::: EXERCISE MATERIALS :::
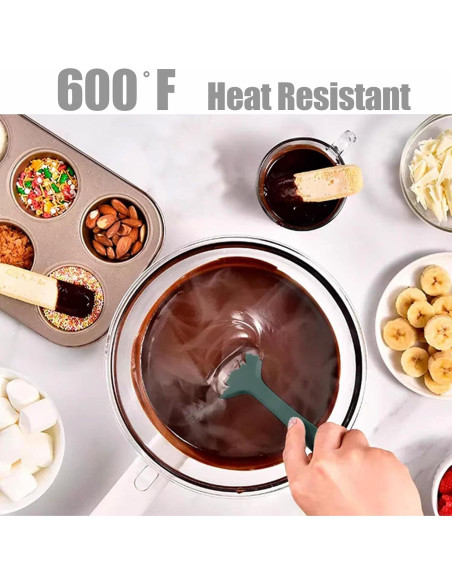 Set de 4 Espátulas de Silicona TOTDTDA Verde Antiadherente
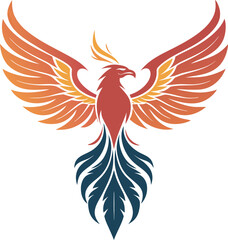 phoenix bird vector logo icon royalty free image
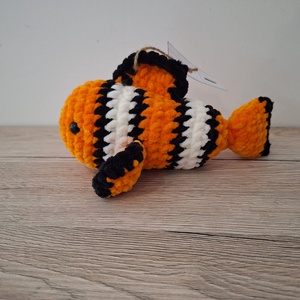 Bohóka, az amigurumi bohóchal - játék & sport - plüssállat & játékfigura - hal - Meska.hu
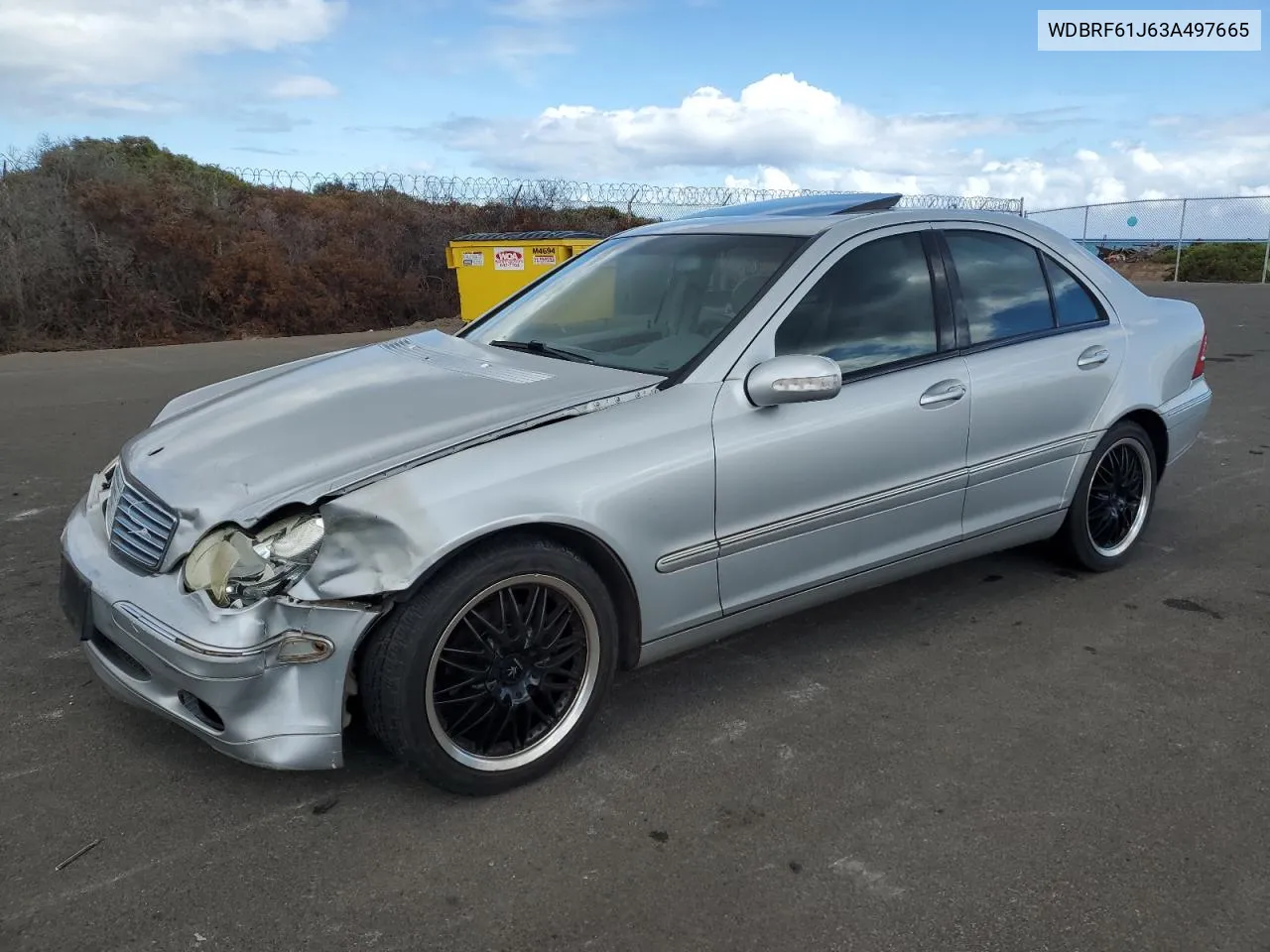 2003 Mercedes-Benz C 240 VIN: WDBRF61J63A497665 Lot: 73669904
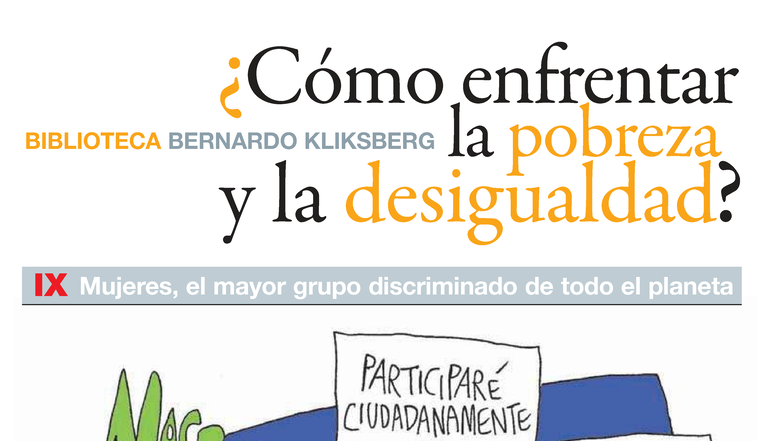Mujeres y Desigualdad: Reflexiones de la Biblioteca Kliksberg - Studocu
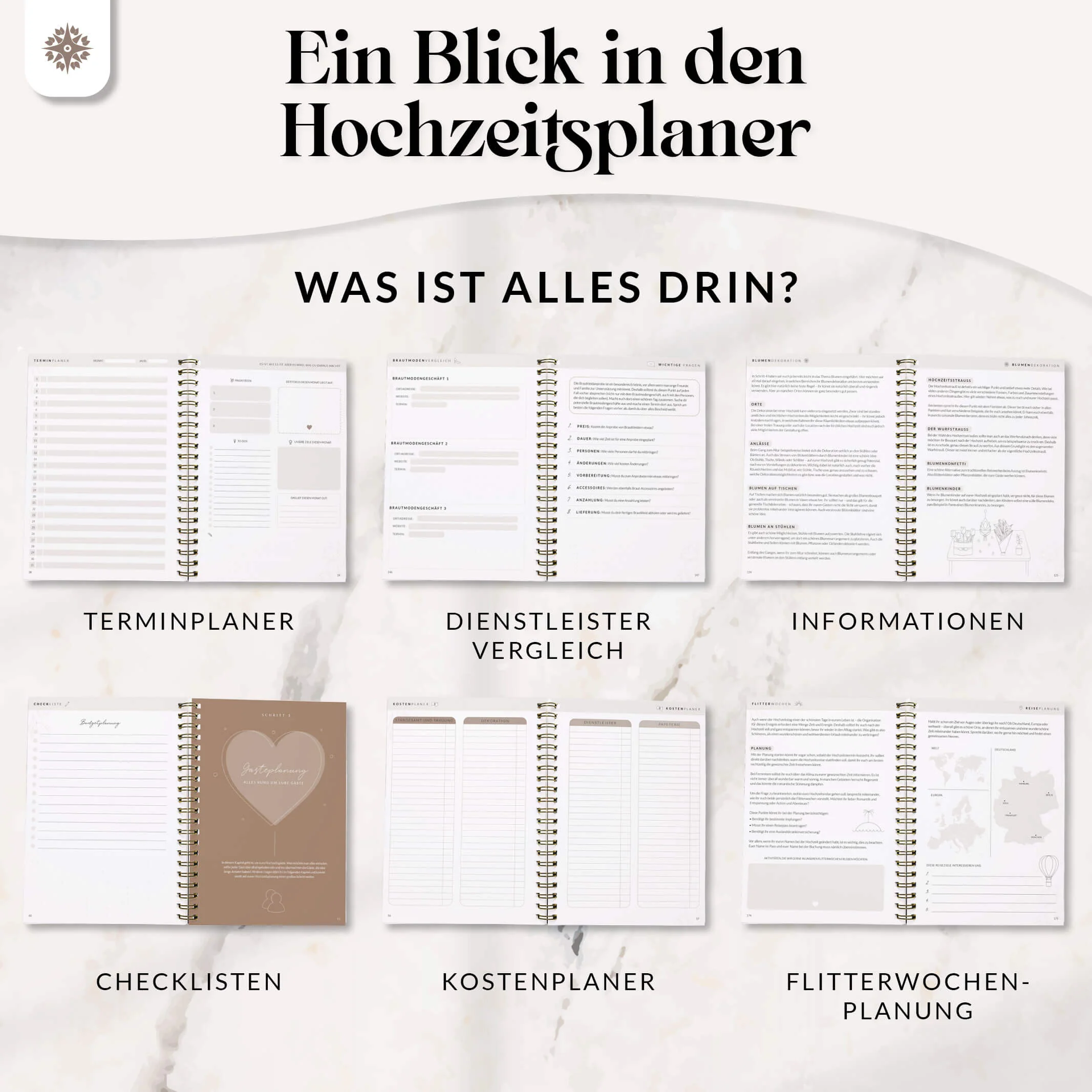 Hochzeitsplaner mit Poster - Image 15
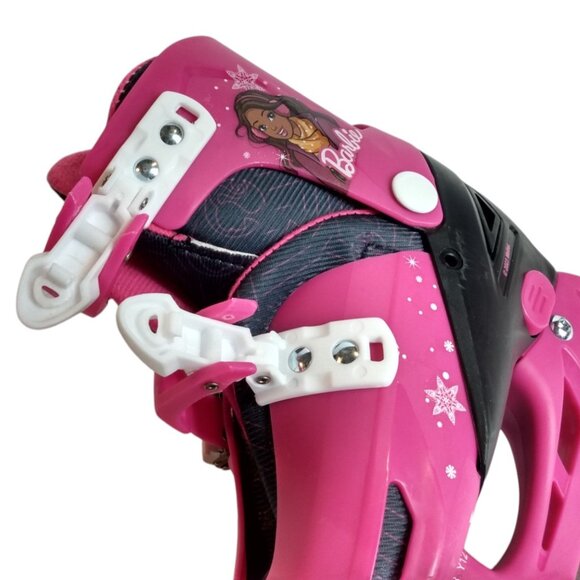 Barbie Youth Adjustable Ice Skates Size Y12 to 2-Pink/Black-Pre-Owned With Box - Picture 8 of 16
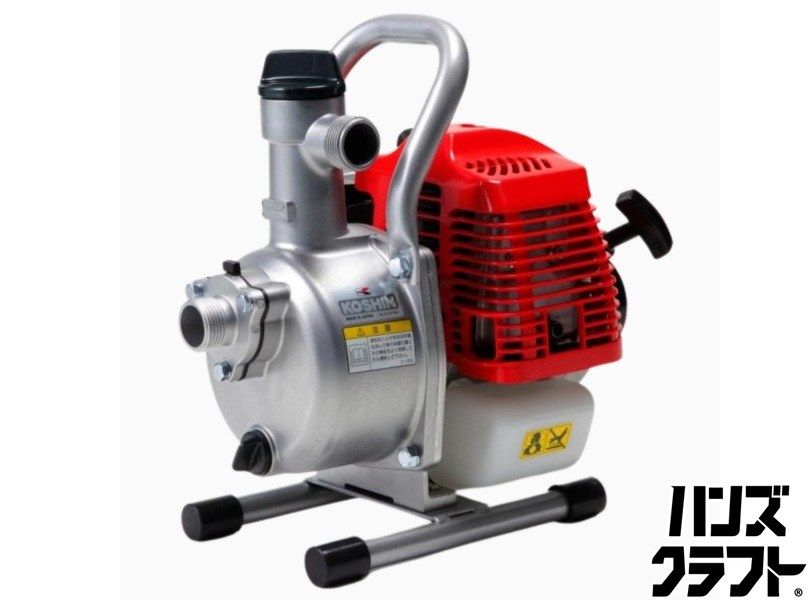 〇【送料無料】【未使用】工進 KOSHIN KM-25S エンジンポンプ【ハンズクラフト佐賀】【中古】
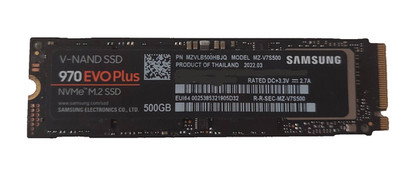 Samsung SSD 970 EVO Plus NVMe M.2 MZ-V7S500 500GB PCIe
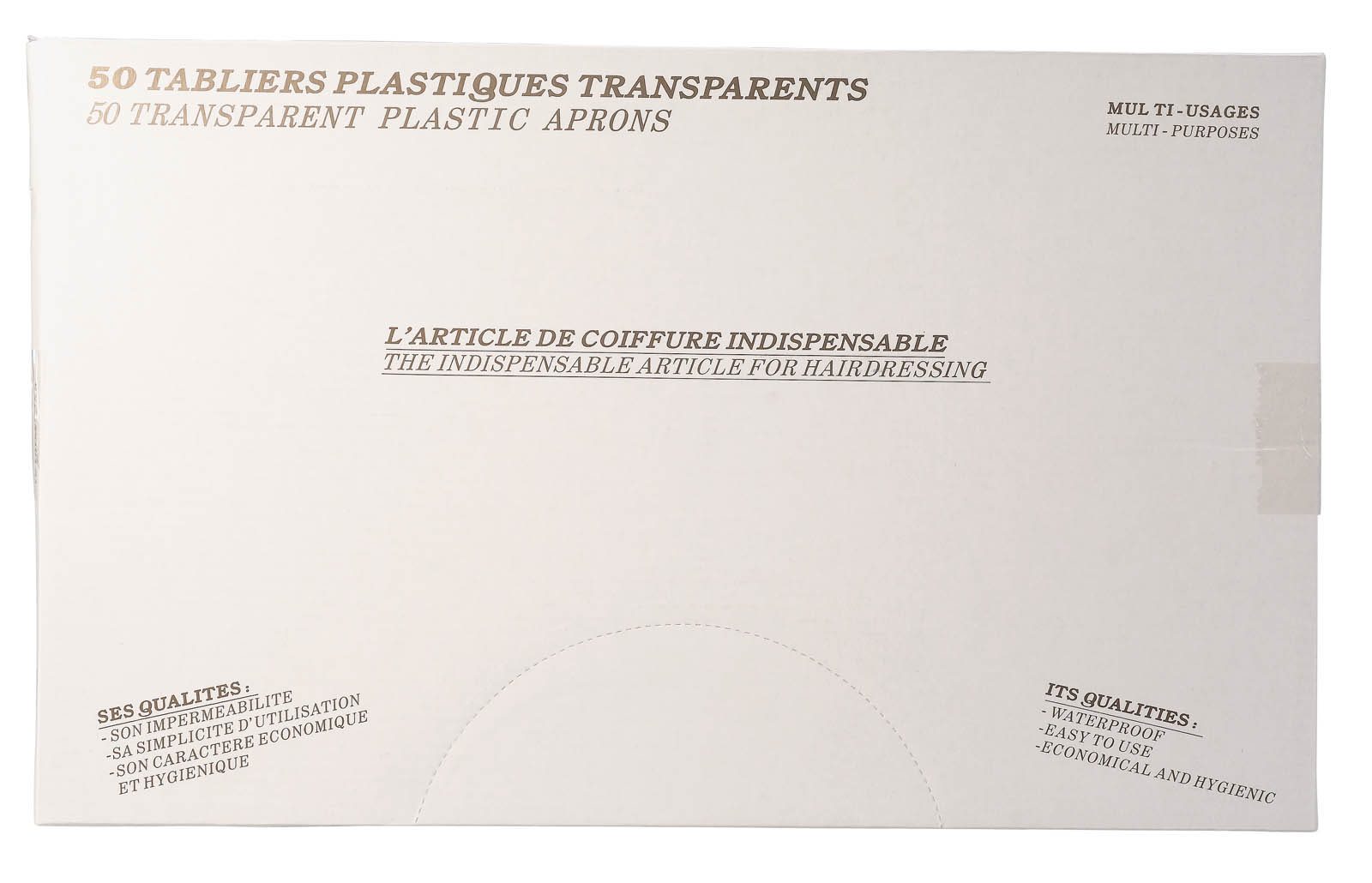 4410151 P003356 Tabliers jetables 50pcs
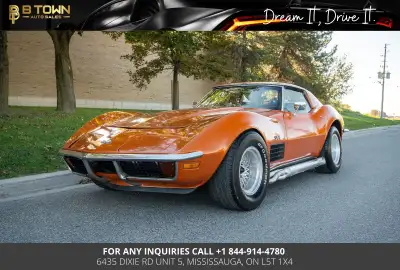 1972 Chevrolet Corvette Coupe finished in Orange is a true American classic that represents the gold...
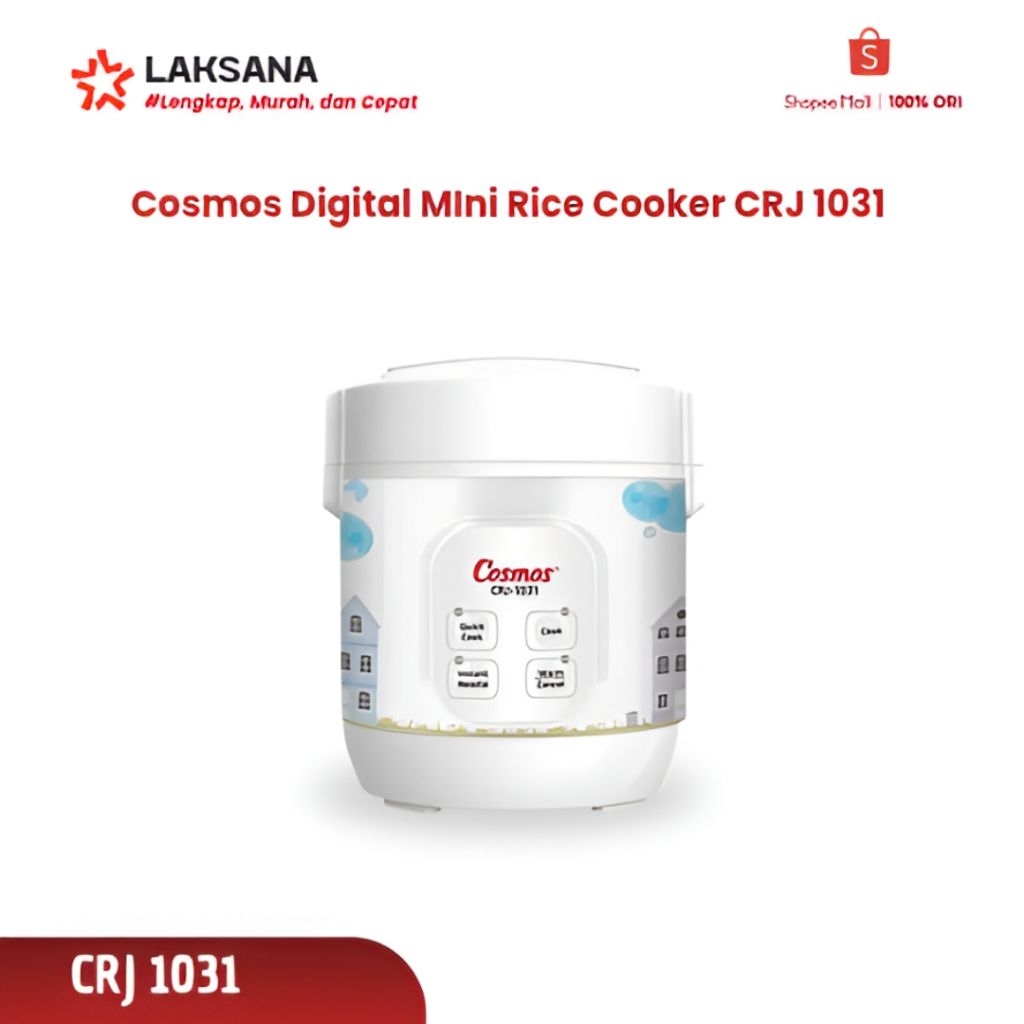 Digital Mini Rice Cooker Cosmos CRJ-1031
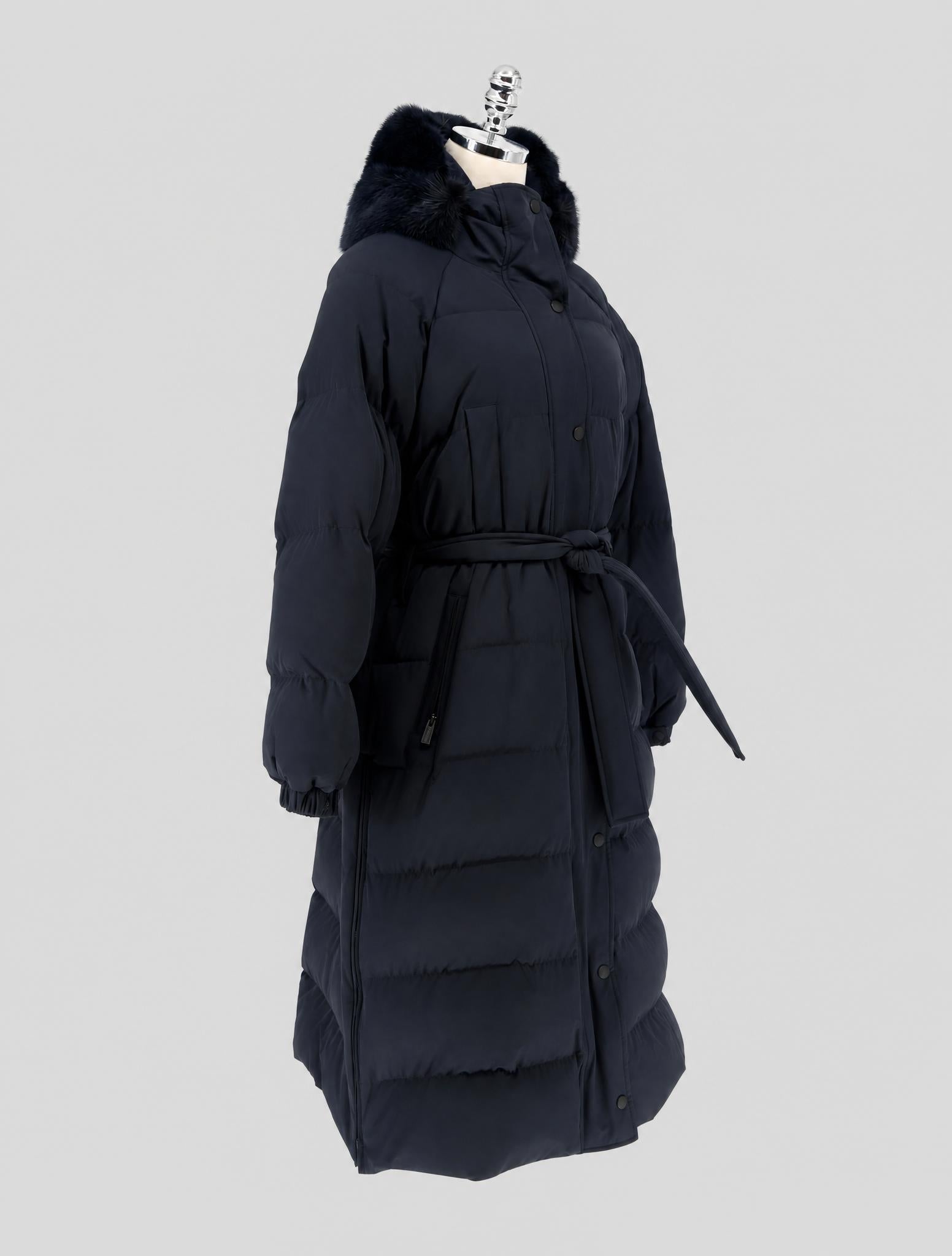 Kiton Blue Pa Ea Coat Women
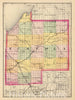 Historic Map : 1873 (Map of Tuscola County, Michigan) - Vintage Wall Art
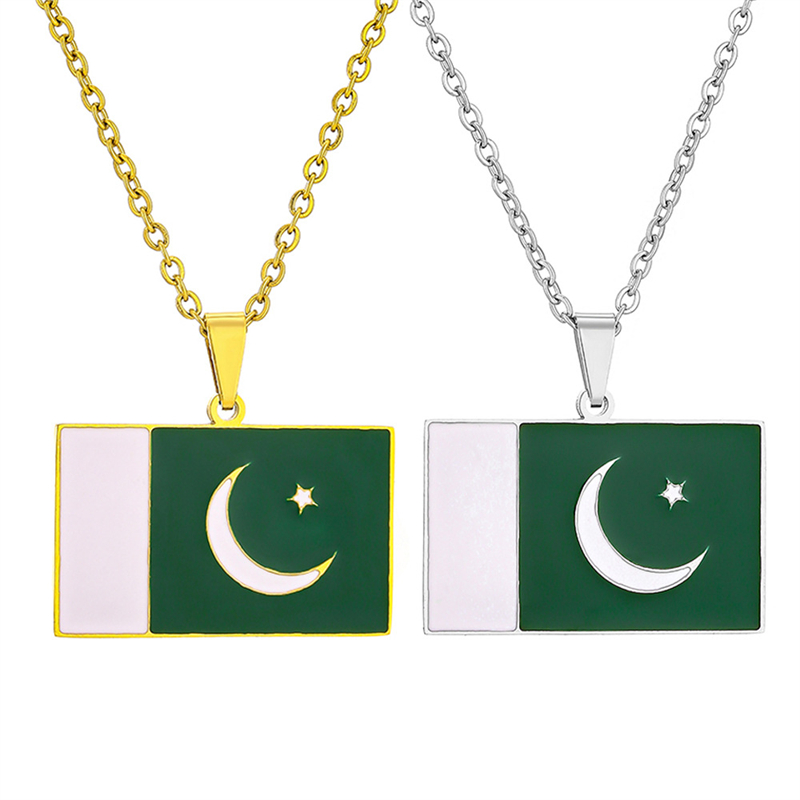 Collar con colgante de bandera - Ethnic Fashion Pakistan reseña y precio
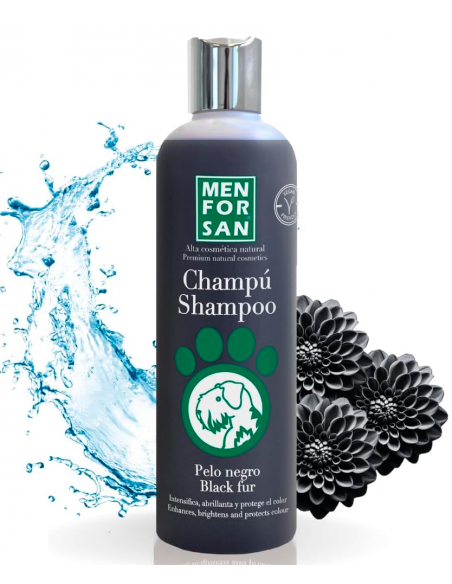 MenForSan Champú Pelo Negro. EAN 8414580004624 / 8414580030043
:::
> [WORK TO COMPLETE]: Without any pictures, reproduce exactly the lines from the line that contains "Collar con colgante" to the end of the entries above, both ends included.

> [TASK OUTPUT]:
 Collar con colgante de bandera - Ethnic Fashion Pakistan reseña y precio
 MenForSan Champú Pelo Negro. EAN 8414580004624 / 8414580030043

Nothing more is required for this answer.